Road safety needs a human touch
Partnerships and real-life stories are crucial in helping road safety messages resonate, writes Scott Tilyard, Chair of the Road Safety Advisory Council.
In today’s fragmented media landscape and diverse community, it’s increasingly challenging for a single road safety message to reach everyone effectively. To ensure our messages are seen, heard and most importantly remembered, it’s important to take a strategic and collaborative approach.

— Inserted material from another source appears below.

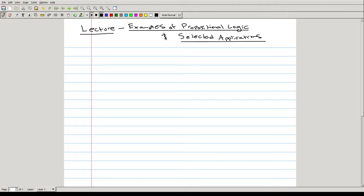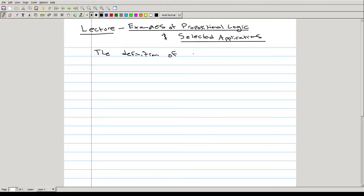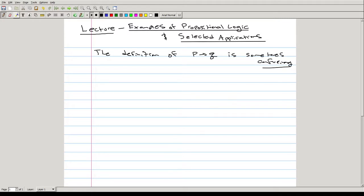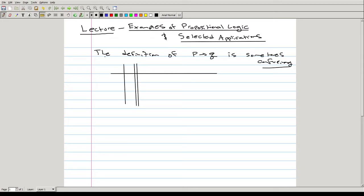The starting point — I want to address something that is sometimes a little bit confusing to certain students. The main idea is this: the definition of the implication statement, the definition of 'if P, then Q,' is sometimes confusing. With the logical equivalences we touched on in the last lecture, it's made a lot easier to think of, and we'll go over some very specific examples.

While digital platforms, particularly social media, are crucial for reaching younger audiences, partnerships and sponsorships remain vital. They help us connect through trusted voices and familiar settings, whether at community events or across digital channels.
One of our key partnerships is with the Hawthorn Football Club, primarily through our sponsorship of the Tassie Hawks Cup, a junior football competition that provides an excellent opportunity to engage young Tasmanians and introduce important road safety conversations early on.
Beyond the Tassie Hawks Cup, this partnership also brings additional benefits. The club produces road safety videos featuring their players, which are widely promoted across digital channels and at matches. The last Tasmanian Hawthorn match of the year, held in July, was designated a Road Safety Awareness game.
Earlier in the year we facilitated a powerful session with Hawthorn vice-captain Dylan Moore and local first responders from the Launceston General Hospital and Tasmania Police, offering a firsthand insight into the reality of road trauma. It’s the kind of perspective that most people rarely see. These perspectives help move the message beyond statistics, making road safety real and relatable.
The first responders featured in these videos are the people you hope will be there if you’re ever involved in a crash. They’re the people who can save your life in those crucial minutes or hours that follow. In these videos, they speak candidly about what it’s like to deal with the immediate aftermath of a crash, both emotionally and physically, and the toll it takes on everyone involved, including them. I encourage you to watch these videos.
A local police inspector describes the emotional weight of delivering the worst news imaginable. “Delivering the news is probably the hardest job. You’re having to talk to these people who quite often have no idea what you’re about to tell them, and they’re about to be given the most devastating news that they’ll ever receive.”
Inside the hospital, trauma specialists describe confronting scenes, people of all ages and backgrounds arriving with injuries from road trauma that change lives in an instant.
We hear about the behind-the-scenes coordination: trauma calls from paramedics, switchboard alerts, emergency teams mobilising and resources being juggled in cases with multiple patients.
“Being put back together doesn’t always mean pressing an undo button,” one surgeon said. “Sometimes there are lifelong consequences of that injury and that might mean early arthritis in that joint or it might mean being paralysed.”
I urge you to take the time to watch these videos. Discuss them with your family and friends. And if you have kids learning to drive, watch them together. Sometimes it’s the honest, human stories that stay with us, and they might just make all the difference in influencing the way you drive.